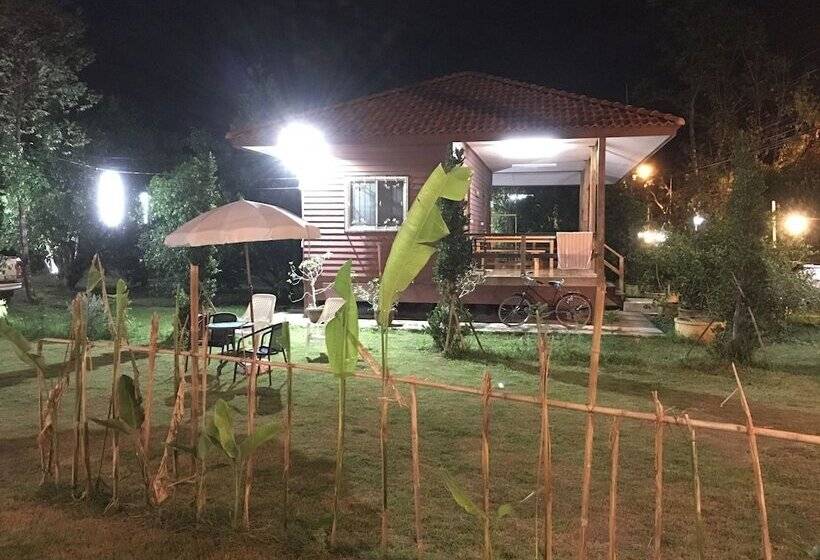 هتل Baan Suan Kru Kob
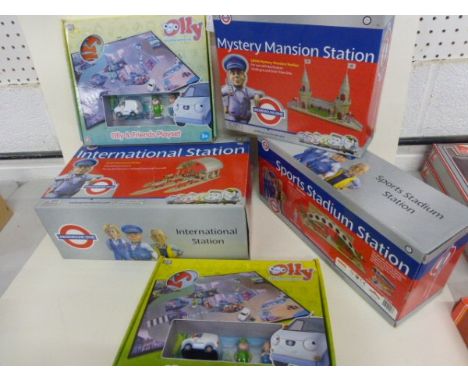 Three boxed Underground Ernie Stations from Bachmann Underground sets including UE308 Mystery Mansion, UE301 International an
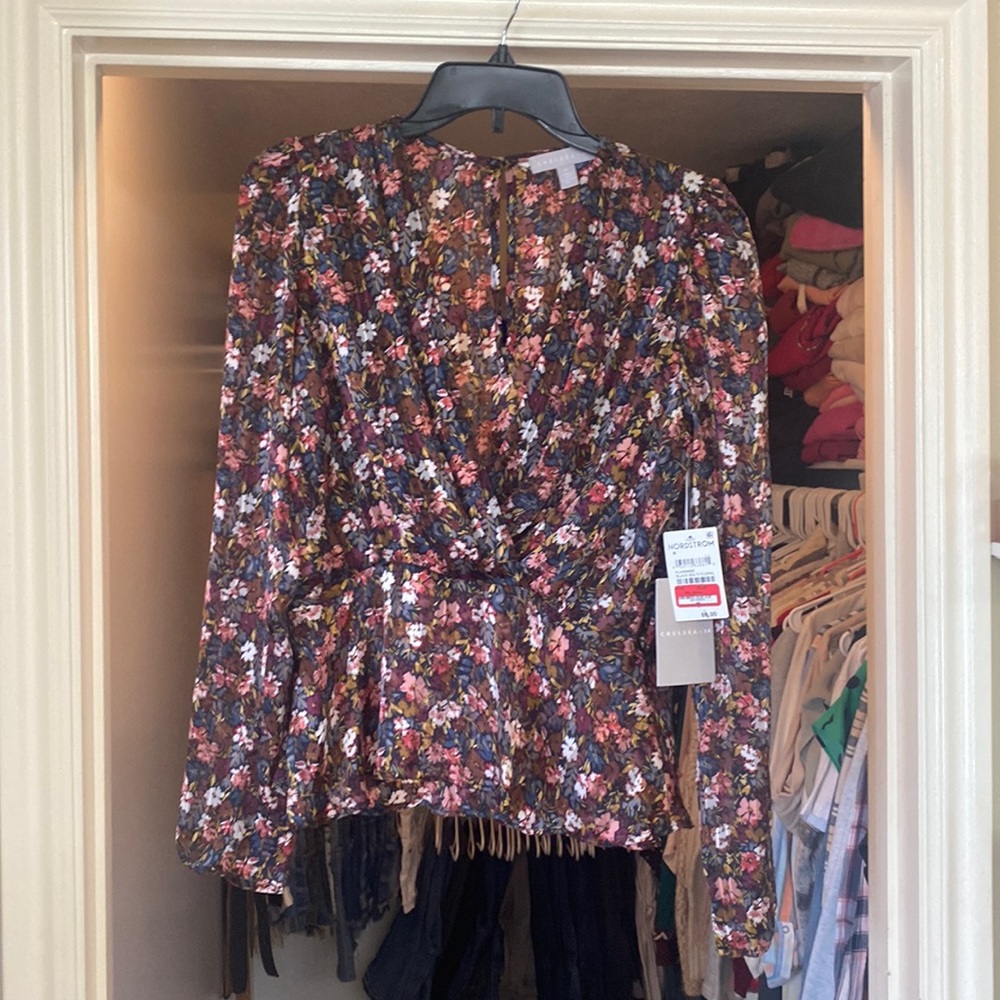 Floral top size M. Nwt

########################################

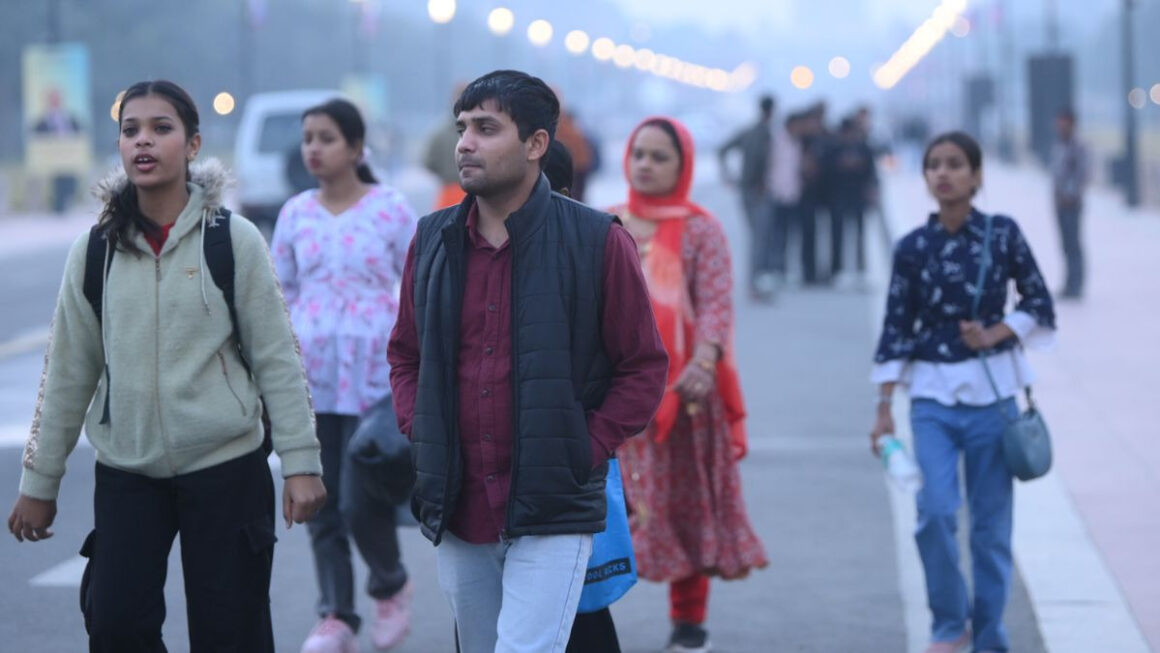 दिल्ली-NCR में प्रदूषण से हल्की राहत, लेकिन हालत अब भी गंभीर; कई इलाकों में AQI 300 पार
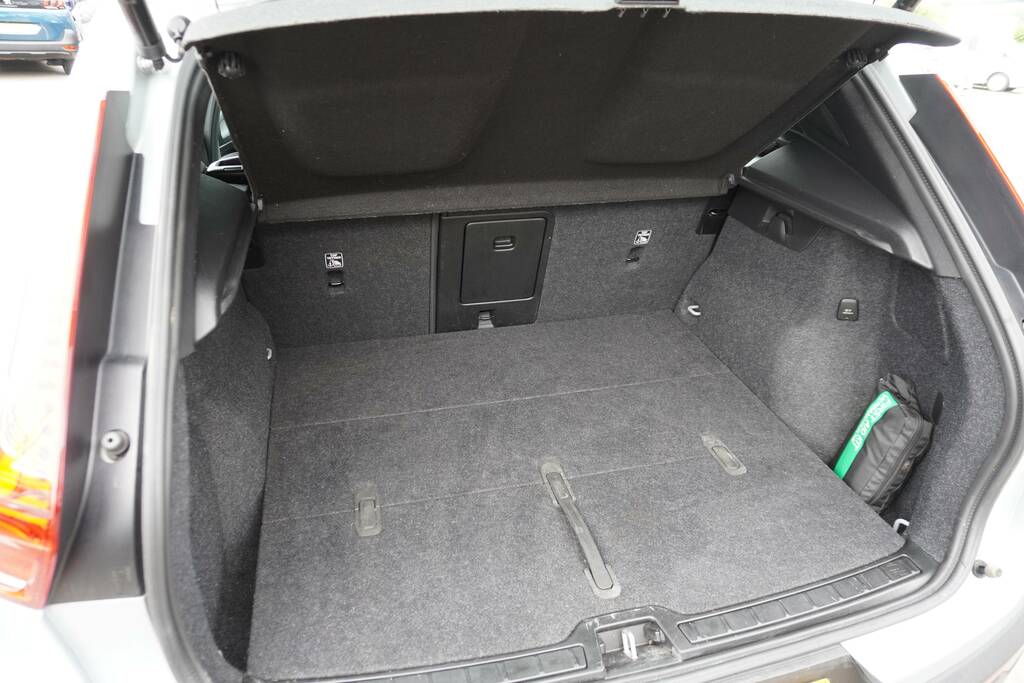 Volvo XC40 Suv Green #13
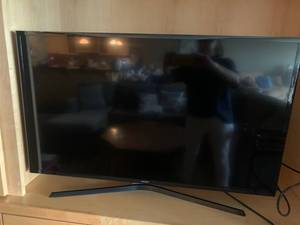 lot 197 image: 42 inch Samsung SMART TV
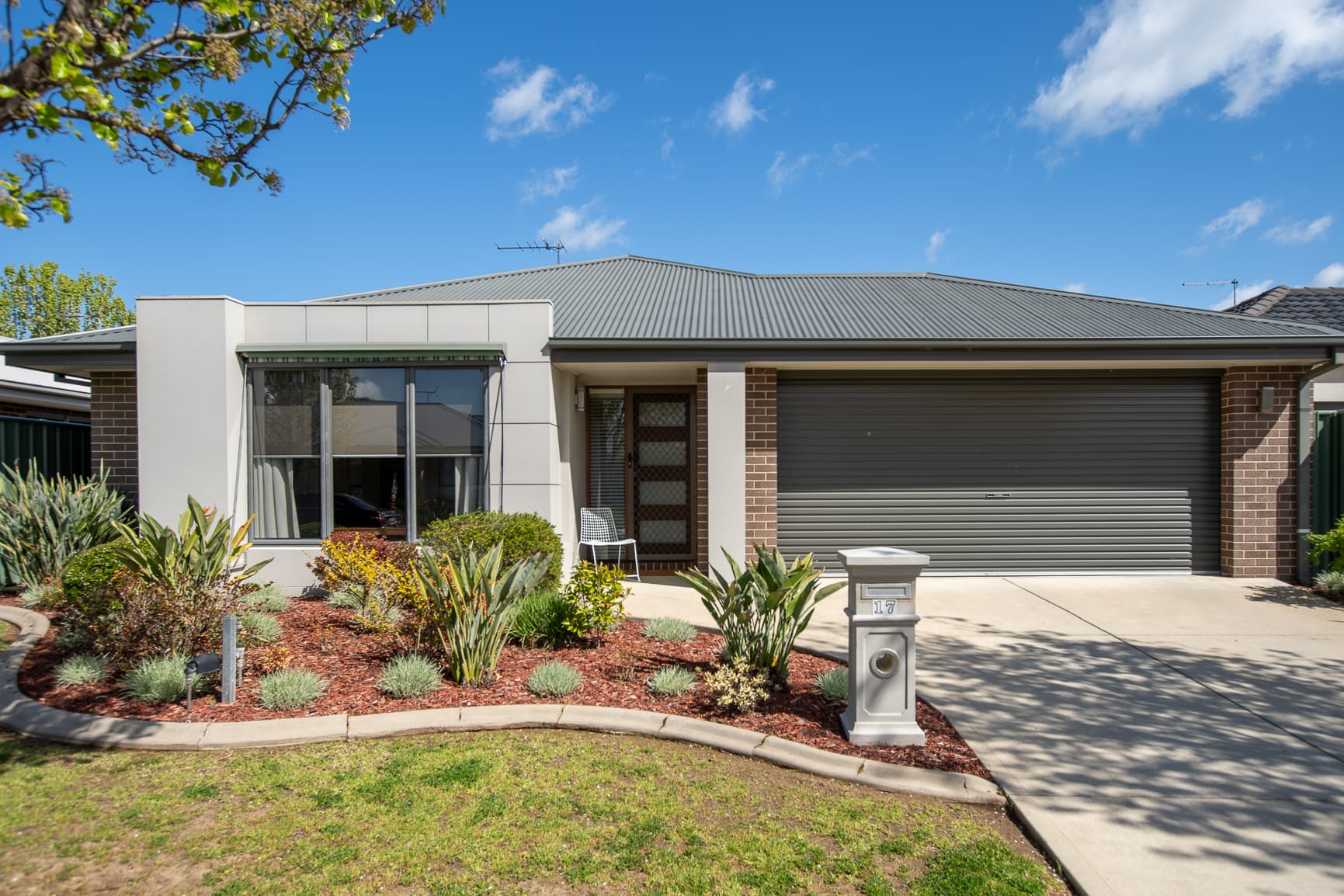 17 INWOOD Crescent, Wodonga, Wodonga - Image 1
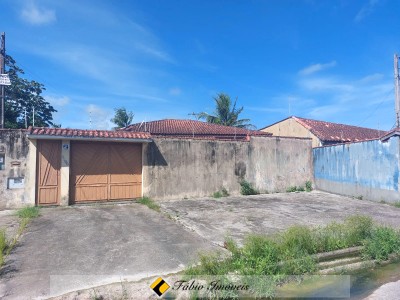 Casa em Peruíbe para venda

########################################

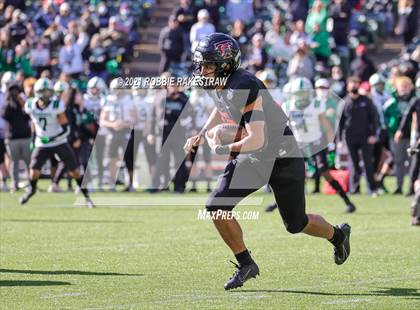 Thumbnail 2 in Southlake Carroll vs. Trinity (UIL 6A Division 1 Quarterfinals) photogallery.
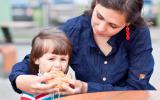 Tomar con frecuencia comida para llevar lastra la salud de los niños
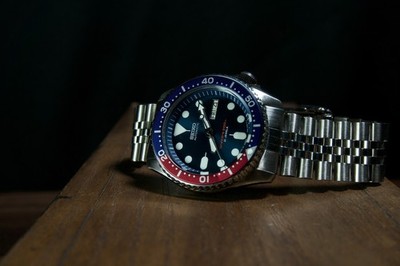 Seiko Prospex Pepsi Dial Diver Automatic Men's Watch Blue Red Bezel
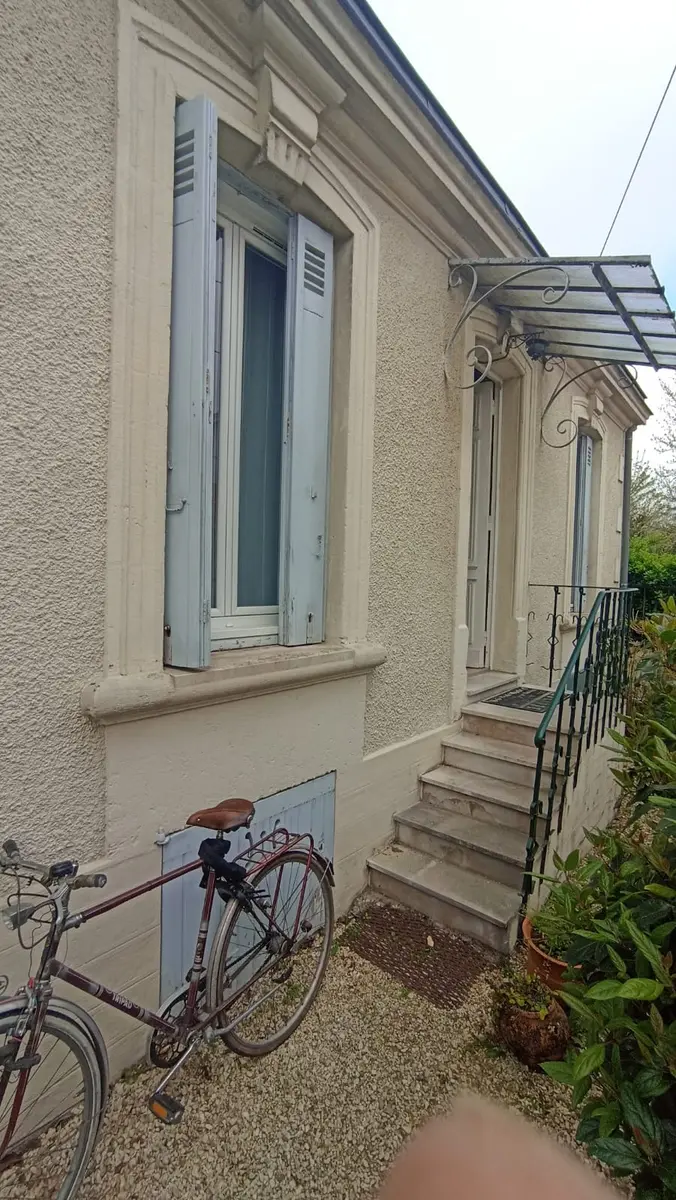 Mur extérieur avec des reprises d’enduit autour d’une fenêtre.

########################################

WORK INSTRUCTION: Quote the data above exactly from the line with "Three boxed Underground" to the line with "Floral top size M. Nwt", both ends counted, and nothing else. Pictures don't go in.

RESULT OF THE TASK:
 Three boxed Underground Ernie Stations from Bachmann Underground sets including UE308 Mystery Mansion, UE301 International an
 Floral top size M. Nwt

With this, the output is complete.